Il y a aussi le côté plus sombre de l’être humain : la peur qui engendre l’égocentrisme et l’égocentrisme qui engendre la peur, une peur qu’on finit par se cacher à soi-même, à refouler dangereusement, et tout à coup on se révolte contre un cache-nez qui protège surtout les autres. À cet égard, le plus dangereux est peut-être l’insurrection de ce genre d’égotisme contre les institutions démocratiques qui nous contraignent (et n’ont peut-être pas toujours l’art de susciter notre confiance). Nous risquons d’être à la merci de bandes agressives qui ont perdu toute sensibilité vis-à-vis de biens communs comme la paix sociale, la sécurité dans les rues, la santé, la compassion, l’humanité… Les renversements antidémocratiques ont presque toujours leur origine dans des leaders narcissiques qui canalisent cette peur transformée en haine pour se hausser au-dessus de toute morale. Heureusement, nous ne sommes pas aux États-Unis, nos « asociaux » ne sont pas encore aussi bien armés et aussi bien endoctrinés.

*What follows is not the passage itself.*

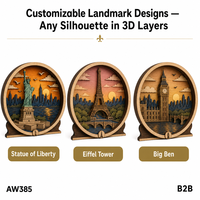 Statue de la Liberté - Ensemble de boîtes à ombres 3D |   Panneaux en contreplaqué peuplier découpés au laser pour suspension et présentation |   Étagère de bureau à domicile New York |   Cadeau personnalisable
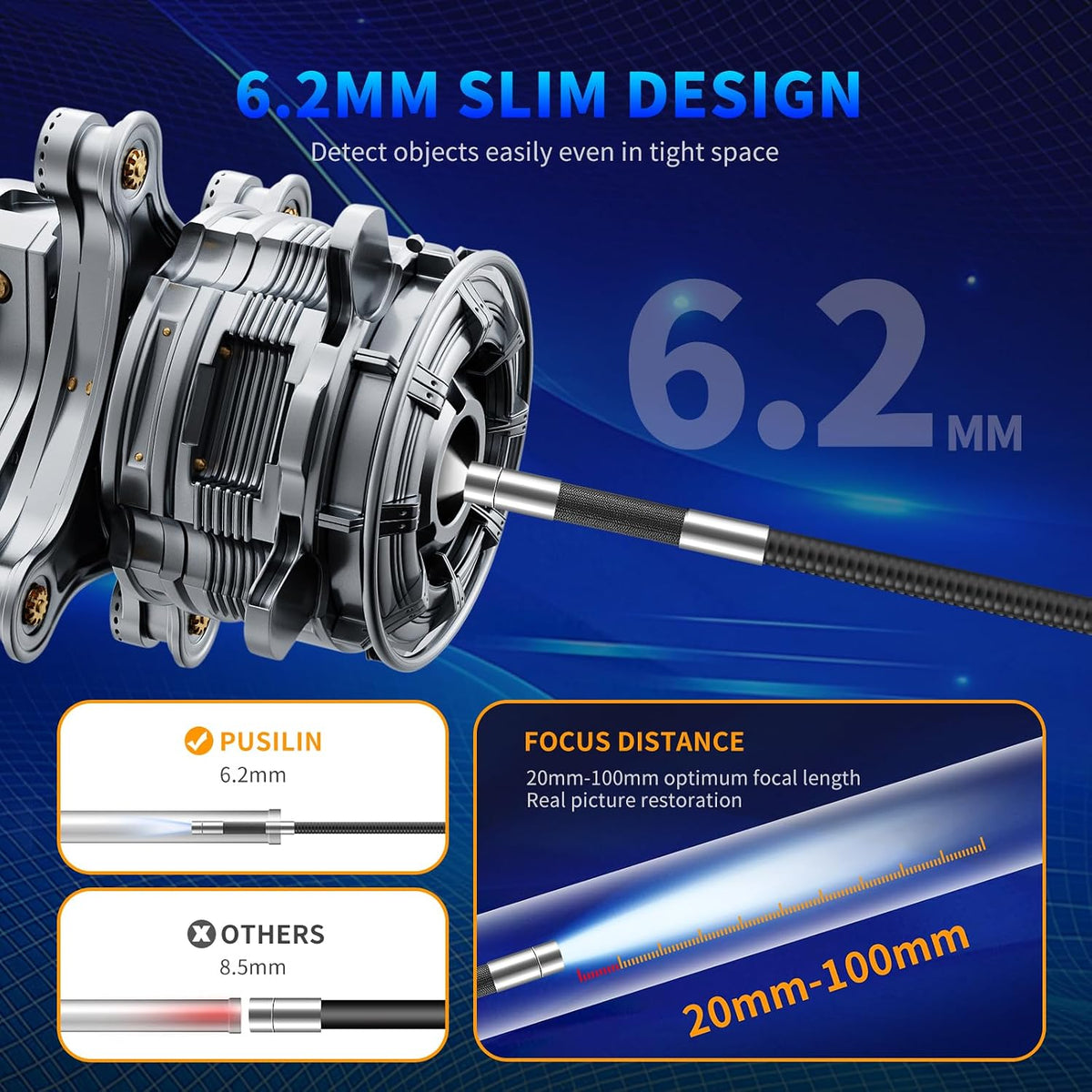 dual lens articulating borescope camera with light,6.2mm industrial, close-up detail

Dans son roman Le Hussard sur le toit, Jean Giono nous fait voir des personnages plongés dans une épidémie de choléra hors contrôle. Par la force des événements, chacun découvre ses propres entrailles sociales, psychologiques et spirituelles. Certains sont surpris par leur attitude de peur qui les retranche sur eux-mêmes, les mette en fuite ou leur cale la tête dans le sable. D’autres sont déçus de leur chacun-pour-soi qui les étouffe et augmente leur angoisse. D’autres, au contraire, s’étonnent d’aller au secours des malades, des mourants, des enfants errants… Quelle belle occasion de savoir là où on est rendu dans notre évolution humaine! Mais justement, sommes-nous rendus à nous voir?

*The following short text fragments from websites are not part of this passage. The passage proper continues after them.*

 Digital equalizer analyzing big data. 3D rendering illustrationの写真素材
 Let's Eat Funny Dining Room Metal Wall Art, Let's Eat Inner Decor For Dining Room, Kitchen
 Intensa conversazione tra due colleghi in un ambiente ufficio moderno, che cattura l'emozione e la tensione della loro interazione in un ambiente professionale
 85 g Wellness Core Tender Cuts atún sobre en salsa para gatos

Non seulement, la pandémie peut nous révéler à nous-mêmes si nous avons le courage de nous regarder avec franchise et humour, mais surtout, elle nous révèle aux autres, elle démasque les cœurs. Ici autour de moi, j’ai découvert une voisine de mon âge que je ne connaissais pas et qui se révèle un ange au courage de géant. Chaque jour, elle part prendre soin de son mari gravement Alzheimer et survivant dans un CHSLD qui n’arrive pas à suffire à la tâche.